Face It: It’s All Our Fault

I think there may be exactly one sentence in Shadi Hamid’s Atlantic article on Islamism, the Arab Spring, and what he deems “the failure of America’s do-nothing policy in the Middle East” with which I agree. Here’s the sentence:

The notion of neutrality, for a country as powerful as the United States, is illusory.

Read the article if you must. I disagree with much of the rest, in some cases vehemently.

I think I may have a different standard for the success or failure of our policies than Dr. Hamid. I think that our policy should be judged by whether it furthers our interests or not. What I’ve observed is that our actions have generally been less effective in promoting our interests than inaction would have been. That is to be expected. Americans generally are disinterested in other countries and their people. Until they aren’t. And that’s no basis on which to found solid courses of action.

Additionally, we’ve frequently been ineffectual in the Middle East but haven’t been inactive in more than forty years. We’re not inactive in Syria now. We’re supporting Sunni Arab rebels, just as Turkey, Saudi Arabia, Al Qaeda, and DAESH are. We’ve also flown thousands of missions, most of which have destroyed little that hasn’t been replaced with ease and aren’t providing much in the way of a deterrent. Again, that’s ineffectual not inactive.

There is a view, remarkably popular nowadays and apparently particularly popular in the Middle East, that everything that happens does so because the U. S. government made it happen. Those who hold this view necessarily believe that no other country has any interests or pursues them and that potential is equivalent to action. It’s a convenient view because it absolves people of the follow of their own actions or inactions.

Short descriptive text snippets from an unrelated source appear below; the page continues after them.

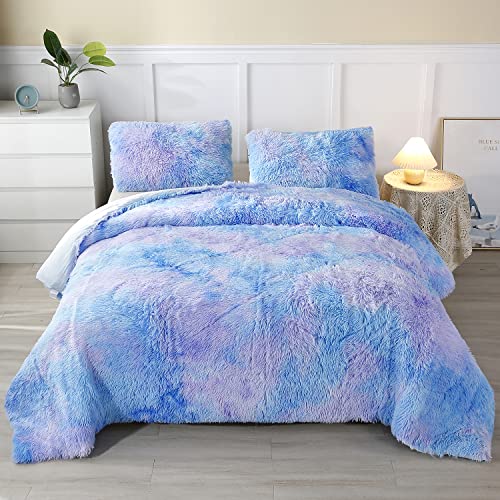  Blue Faux Fur Comforter Set Twin Size, 3Pcs Tie Dye Rainbow Fluffy Comforter Bedding Set, Plush Shaggy Flannel Velvet Furry Bed Comforter Set For Girls (Blue Ombre, Twin)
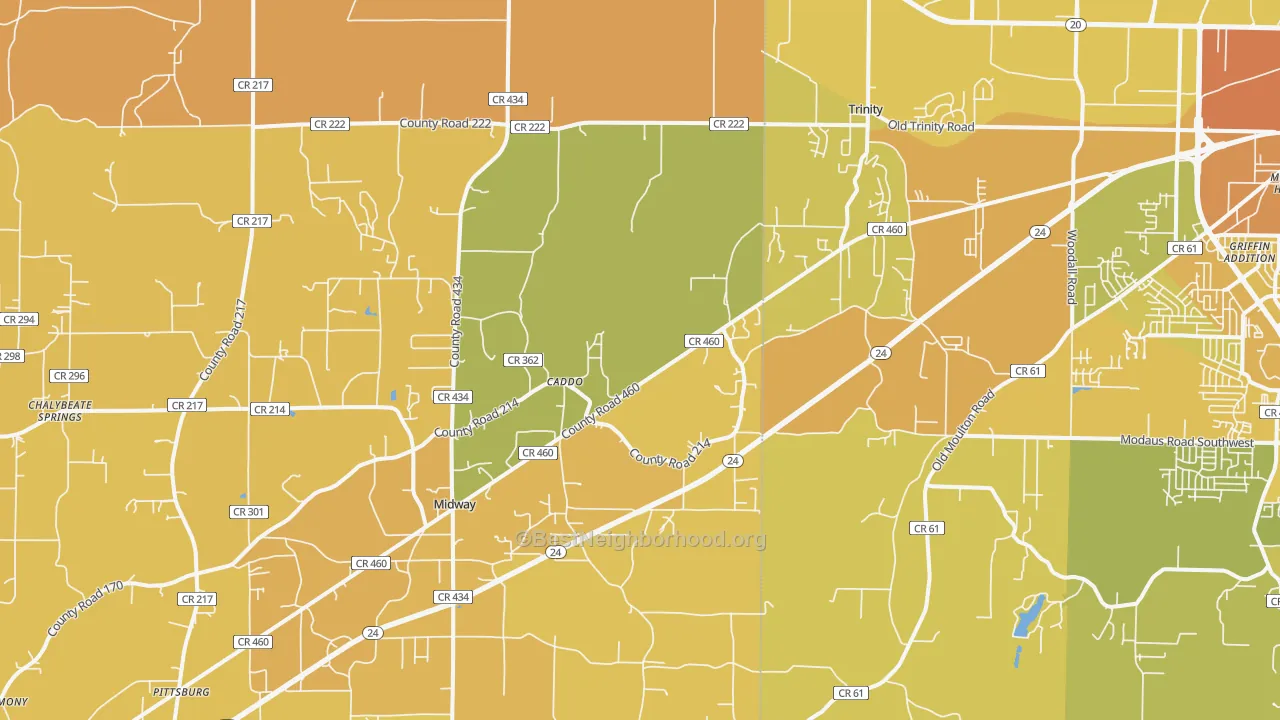 Map of the best neighborhoods in the Trinity area, with better matches in green and worse matches in red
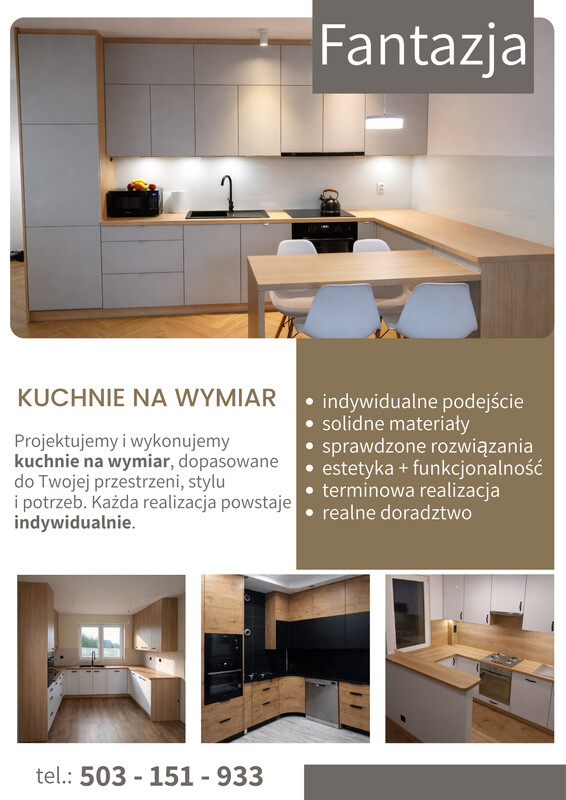 Elbląg Meble kuchenne na wymiar &ndash; realizacje na zamówienieProjektujemy i wykonujemy kuchnie na wymiar,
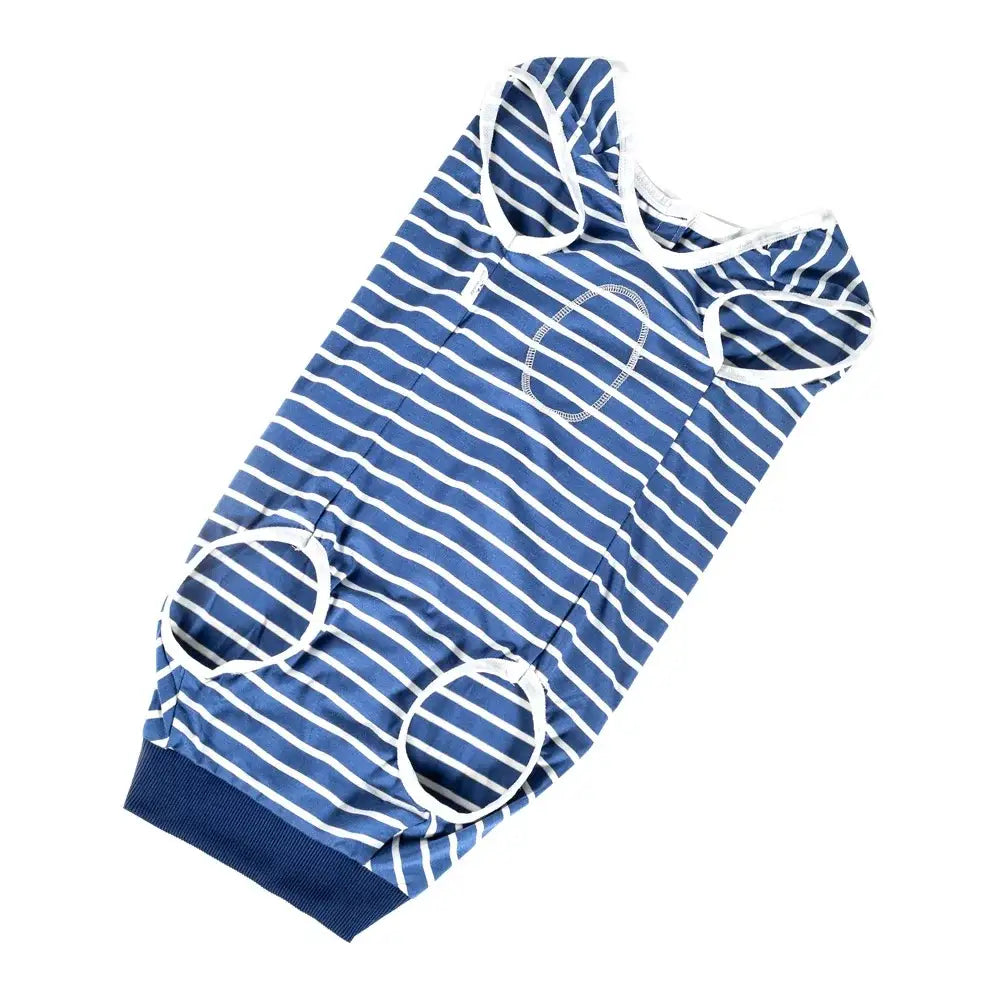 Blue and white striped dog shirt with leg holes.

I hold very nearly the opposite view and believe that people in the Middle East who believe that their circumstances are entirely due to U. S. meddling are mistaken and Americans who believe the same thing are, as P. G. Wodehouse might have put it, far from hinged.

1 comment… add one
  • steve Link

    Invading Iraq sure started a bad cascade, but the ME is mostly doing what they have been doing to each other for years. We should stay out of the Sunni-Shia conflict.